Aka. Les Bas-Fonds is one of the curiosities in the history of cinema that Jean Renoir who has been busy making Une Partie de Campagne left it for directing a film, theme of which was apparently against his grain. Une Partie is like a painting of his father come to life where nature takes hand in determining the life of a nubile girl in her first love. The lovers surrender to nature and to their emotions, but social circumstances determine otherwise. What had in the Gorky’s gutter play to wean him from the Maupassant story? In 1936 the rise of Hitler in Germany and the Popular Front in France created within the French Left a new sense of solidarity with the Soviet Union. In that context the Russian immigrant producer Alexander Kamenka asked Jean Renoir to direct a film of Maxim Gorky’s play The Lower Depths. Renoir accepted the offer and before agreeing to take on the project, Renoir insisted that the film be set in France (not Russia), and that some drastic changes be made to the plot. The most significant change was the ending; the tragic denouement in Gorki’s play was replaced with a happier ending, in keeping with the mood of the time.
Trivia:
Renoir was obliged to write to Gorki to receive permission for these alterations to the story, which was duly given (although Gorki died a few months before the film was released).
Plot

The story revolves around two characters that represent two ends of the society. One is titled and the other a common thief. The baron (Jouvet) has stolen 30,000 rubbles from the ministry and lost it gambling. Pépel (Gabin) has come to rob the baron’s luxurious house and finds nothing worth stealing there. The baron, returning home in a suicidal mood, interrupts Pépel’s theft. Here in their first encounter, each opens the eyes of the other to the possibility of change. Each glimpses a new possibility, the baron, a life without things; Pépel a life without thefts.
Soon the baron appears at the flophouse. The baron finds himself in the swim of things there. If thousand – rubble game in the casino had turned his world upside down he finds life there: he can still indulge his passion in the three-kopek game in the flophouse. If he has lost his class he has found his life. He sheds luxury and prestige without regret. When Pépel finds life in the lower depths unbearable and proposes to leave the flophouse, he asks the baron what he will do. The baron replies without hesitation, “I’ll stay here.” He has no desire to go. Unlike Gorky’s baron, his descent from aristocracy has not been degrading but liberating.
After Pépel leaves the baron’s home carrying the bronze horses he steals some apples, then gives them to a child and tells him, “And if someday someone tells you Pépel is a thief, you’ll set them straight.” The film ends with homage to Chaplin’s Modern Times as the lovers walk off down the road of life.

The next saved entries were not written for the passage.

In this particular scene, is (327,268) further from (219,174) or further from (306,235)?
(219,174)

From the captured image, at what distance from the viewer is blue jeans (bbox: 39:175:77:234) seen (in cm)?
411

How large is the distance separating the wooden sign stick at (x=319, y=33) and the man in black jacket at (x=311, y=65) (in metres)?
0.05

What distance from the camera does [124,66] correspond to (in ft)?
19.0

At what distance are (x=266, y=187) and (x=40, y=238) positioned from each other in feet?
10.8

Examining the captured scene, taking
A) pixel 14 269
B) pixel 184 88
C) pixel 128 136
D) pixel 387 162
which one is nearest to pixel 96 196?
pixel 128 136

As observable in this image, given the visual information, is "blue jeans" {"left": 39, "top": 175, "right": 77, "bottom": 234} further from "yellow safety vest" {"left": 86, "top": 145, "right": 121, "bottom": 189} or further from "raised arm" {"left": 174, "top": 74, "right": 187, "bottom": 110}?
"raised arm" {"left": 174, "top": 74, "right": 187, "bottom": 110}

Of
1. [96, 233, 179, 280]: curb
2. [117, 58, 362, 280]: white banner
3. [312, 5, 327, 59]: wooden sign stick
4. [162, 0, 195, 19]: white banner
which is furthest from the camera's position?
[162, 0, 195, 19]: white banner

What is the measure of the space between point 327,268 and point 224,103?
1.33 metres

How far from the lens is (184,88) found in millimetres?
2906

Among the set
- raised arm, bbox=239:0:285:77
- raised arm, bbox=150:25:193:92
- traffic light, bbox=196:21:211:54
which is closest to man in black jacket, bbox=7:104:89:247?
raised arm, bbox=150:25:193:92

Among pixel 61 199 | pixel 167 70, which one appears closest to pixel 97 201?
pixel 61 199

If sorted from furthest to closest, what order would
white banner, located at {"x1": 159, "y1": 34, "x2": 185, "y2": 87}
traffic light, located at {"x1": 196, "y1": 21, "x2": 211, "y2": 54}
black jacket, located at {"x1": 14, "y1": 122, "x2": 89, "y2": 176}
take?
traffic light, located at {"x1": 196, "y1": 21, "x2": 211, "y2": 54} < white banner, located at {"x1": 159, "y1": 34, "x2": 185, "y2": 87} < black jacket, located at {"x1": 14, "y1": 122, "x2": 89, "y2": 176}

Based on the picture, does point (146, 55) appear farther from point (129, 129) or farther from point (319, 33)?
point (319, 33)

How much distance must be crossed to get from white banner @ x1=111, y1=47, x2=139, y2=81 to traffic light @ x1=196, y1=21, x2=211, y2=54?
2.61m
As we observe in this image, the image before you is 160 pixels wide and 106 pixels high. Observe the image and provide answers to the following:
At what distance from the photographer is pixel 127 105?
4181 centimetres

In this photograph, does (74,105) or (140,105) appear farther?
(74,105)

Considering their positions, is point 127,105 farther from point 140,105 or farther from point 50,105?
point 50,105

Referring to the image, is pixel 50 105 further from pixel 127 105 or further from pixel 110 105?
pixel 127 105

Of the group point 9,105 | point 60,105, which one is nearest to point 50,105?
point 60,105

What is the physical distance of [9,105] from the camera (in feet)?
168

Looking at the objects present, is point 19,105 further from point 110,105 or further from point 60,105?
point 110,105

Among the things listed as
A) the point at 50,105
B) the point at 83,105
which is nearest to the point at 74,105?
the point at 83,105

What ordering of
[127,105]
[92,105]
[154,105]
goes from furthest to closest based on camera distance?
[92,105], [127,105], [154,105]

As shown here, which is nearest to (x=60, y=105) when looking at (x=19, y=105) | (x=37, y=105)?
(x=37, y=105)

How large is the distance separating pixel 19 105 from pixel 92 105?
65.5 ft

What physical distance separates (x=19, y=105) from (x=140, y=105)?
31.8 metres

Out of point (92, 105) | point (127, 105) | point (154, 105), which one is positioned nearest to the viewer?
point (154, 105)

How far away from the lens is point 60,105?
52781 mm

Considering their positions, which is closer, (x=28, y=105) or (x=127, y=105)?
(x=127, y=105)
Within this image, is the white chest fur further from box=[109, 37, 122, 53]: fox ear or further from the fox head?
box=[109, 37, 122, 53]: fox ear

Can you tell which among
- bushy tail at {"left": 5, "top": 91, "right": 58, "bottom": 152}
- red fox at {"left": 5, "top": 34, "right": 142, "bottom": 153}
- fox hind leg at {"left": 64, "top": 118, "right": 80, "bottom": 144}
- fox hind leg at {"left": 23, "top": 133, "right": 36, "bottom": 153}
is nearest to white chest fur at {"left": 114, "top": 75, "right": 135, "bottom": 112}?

Acting: The film, apart from its dark theme, is carried by the acting of the two main characters. The Gabin-Jouvet pairing is a masterstroke, with both actors providing fine performances that are charged with conviction and humanity. Despite their different backgrounds and approaches to their art, the two actors complement each other perfectly, the down-trodden and passionate proletarian played by Gabin making a poignant contrast with Jouvet’s ruined but nonchalant aristocrat.
The scene where the two characters meet and, realizing the absurdity of the barriers which separate them, become friends is one of the enduring moments of the film, and is certainly in keeping with the ethos of the Popular Front.

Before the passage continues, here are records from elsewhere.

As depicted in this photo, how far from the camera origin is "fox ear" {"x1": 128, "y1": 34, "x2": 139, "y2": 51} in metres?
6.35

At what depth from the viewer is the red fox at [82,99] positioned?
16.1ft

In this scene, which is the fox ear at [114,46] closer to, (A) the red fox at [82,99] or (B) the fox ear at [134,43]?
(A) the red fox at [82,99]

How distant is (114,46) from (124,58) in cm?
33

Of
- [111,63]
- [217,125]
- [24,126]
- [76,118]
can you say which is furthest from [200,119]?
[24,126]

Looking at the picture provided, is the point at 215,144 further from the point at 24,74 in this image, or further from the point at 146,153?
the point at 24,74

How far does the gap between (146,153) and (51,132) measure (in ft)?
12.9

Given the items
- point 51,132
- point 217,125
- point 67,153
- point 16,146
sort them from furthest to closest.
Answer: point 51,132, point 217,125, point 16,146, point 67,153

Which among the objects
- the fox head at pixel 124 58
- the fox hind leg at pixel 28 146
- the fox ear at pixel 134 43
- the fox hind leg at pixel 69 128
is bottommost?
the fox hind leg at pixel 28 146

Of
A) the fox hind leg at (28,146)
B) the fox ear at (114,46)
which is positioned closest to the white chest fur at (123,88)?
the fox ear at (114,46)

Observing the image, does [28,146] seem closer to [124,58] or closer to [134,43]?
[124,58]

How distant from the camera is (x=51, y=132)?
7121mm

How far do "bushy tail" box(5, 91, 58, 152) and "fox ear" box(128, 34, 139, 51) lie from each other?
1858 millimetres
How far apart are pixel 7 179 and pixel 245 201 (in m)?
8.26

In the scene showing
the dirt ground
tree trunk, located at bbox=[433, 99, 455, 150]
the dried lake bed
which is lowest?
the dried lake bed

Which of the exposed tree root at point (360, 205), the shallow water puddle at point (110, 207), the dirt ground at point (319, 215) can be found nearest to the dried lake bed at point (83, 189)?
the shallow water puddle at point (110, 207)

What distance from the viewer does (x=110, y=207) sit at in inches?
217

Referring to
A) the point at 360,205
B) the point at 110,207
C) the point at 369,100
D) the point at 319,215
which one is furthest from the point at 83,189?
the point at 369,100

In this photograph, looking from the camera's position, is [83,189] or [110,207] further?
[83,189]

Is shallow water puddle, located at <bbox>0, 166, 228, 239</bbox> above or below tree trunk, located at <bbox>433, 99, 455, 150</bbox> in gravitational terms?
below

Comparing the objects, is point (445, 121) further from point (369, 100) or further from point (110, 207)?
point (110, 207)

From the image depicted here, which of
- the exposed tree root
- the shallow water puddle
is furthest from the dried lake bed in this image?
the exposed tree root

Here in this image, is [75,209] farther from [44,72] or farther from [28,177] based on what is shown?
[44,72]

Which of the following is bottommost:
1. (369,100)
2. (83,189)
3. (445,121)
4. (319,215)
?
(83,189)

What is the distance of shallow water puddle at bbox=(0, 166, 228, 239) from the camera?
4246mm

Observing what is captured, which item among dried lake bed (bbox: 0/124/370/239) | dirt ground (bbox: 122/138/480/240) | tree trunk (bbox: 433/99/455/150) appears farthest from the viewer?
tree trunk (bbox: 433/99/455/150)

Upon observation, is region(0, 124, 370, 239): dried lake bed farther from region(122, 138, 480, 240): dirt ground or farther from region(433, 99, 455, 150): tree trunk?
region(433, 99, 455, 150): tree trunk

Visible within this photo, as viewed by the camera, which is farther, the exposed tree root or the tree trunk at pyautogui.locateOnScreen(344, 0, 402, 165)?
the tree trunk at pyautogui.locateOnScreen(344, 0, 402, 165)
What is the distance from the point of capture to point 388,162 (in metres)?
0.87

The large supporting cast gives the film its richness and color, with notable performances from Suzy Prim, Robert Le Vigan.
I can still savour the wonderful opening shot of the film: Jouvet stands upright, the only figure on screen, in the centre of the frame, silent but with an occasional superior smirk escaping him as his unseen superior rebukes him for embezzling ministry funds to pay off his gambling debts; and the camera swings round him first to the left and then further and further to the right finally to reveal his superior reflected in a mirror.

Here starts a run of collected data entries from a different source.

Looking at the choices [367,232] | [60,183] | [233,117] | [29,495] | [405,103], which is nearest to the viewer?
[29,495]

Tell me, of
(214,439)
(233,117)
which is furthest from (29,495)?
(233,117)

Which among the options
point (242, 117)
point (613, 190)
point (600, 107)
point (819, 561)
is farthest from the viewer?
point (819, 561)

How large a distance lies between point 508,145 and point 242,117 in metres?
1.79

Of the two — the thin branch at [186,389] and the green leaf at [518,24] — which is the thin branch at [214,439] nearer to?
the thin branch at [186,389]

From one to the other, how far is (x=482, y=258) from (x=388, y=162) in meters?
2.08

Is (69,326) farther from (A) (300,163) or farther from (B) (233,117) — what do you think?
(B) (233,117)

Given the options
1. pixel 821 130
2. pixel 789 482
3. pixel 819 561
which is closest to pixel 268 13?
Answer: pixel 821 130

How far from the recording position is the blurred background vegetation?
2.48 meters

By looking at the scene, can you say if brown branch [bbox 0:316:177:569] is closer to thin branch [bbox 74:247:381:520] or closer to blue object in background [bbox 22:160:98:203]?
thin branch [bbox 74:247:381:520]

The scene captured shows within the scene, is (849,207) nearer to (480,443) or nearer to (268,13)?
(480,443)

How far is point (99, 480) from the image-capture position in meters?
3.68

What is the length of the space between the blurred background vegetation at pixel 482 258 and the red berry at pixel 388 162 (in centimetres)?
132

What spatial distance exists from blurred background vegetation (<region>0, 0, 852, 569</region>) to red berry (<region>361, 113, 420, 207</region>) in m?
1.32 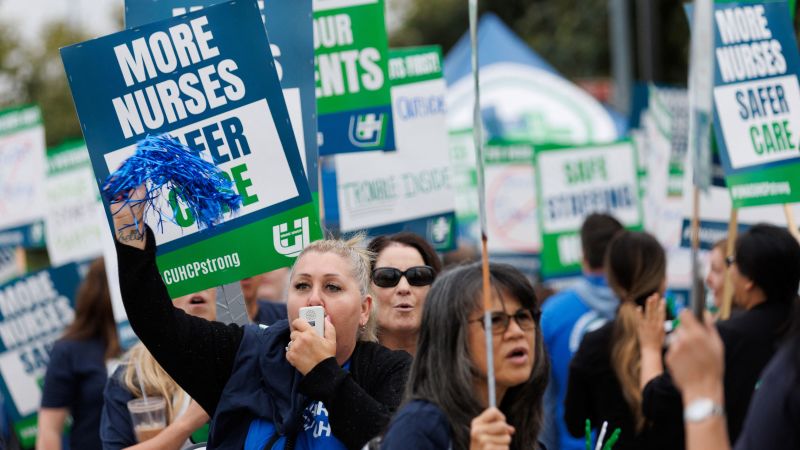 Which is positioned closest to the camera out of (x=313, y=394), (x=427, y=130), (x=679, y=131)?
(x=313, y=394)

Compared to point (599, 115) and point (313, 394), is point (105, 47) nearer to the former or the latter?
point (313, 394)

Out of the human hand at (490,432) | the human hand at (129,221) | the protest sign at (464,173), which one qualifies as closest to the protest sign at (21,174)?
the protest sign at (464,173)

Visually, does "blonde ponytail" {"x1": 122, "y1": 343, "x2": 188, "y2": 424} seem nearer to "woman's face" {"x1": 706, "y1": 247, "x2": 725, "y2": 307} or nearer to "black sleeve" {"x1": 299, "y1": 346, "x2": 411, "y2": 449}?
"black sleeve" {"x1": 299, "y1": 346, "x2": 411, "y2": 449}

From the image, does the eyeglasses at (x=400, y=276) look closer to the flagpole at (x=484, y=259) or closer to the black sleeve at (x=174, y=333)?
the black sleeve at (x=174, y=333)

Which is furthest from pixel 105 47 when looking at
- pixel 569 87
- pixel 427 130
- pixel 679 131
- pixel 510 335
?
pixel 569 87

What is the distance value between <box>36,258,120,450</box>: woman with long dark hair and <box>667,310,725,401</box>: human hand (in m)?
4.00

This single opening shot keys us to all the important features of the film: the priority given to star persona and performance; the degree to which the narrative differs from (adds to, opens out) Gorky’s original play; and the significance of Renoir’s camera style of this time, characterized by deep-focus depth-of-field, the moving camera, and the revelation of off-screen space, the world extending beyond the limits of the frame” (brightlights films.com- Ian Johnston)
Akira Kurosawa and Renoir
Both Renoir and Kurosawa
 adapted it each with his distinct genius leaving its impress. Donald Richie calls Akira Kurosawa’s film of The Lower Depths a miracle of ensemble playing. In contrast Renoir makes of the play a vehicle for two fine actors, Louis Jouvet and Jean Gabin. The action of Kurosawa’s film occurs completely within the flophouse, as does the play, but less than half of Renoir’s Lower Depths takes place there. Still the flophouse remains, visually, the most interesting locale in the film, with its chiaroscuro lighting and dramatic shadows, its rough bricks, rude stairways, and old wooden posts that often divide the screen vertically or project diagonally across the frame and its length that lends itself so well to deep focus cinematography.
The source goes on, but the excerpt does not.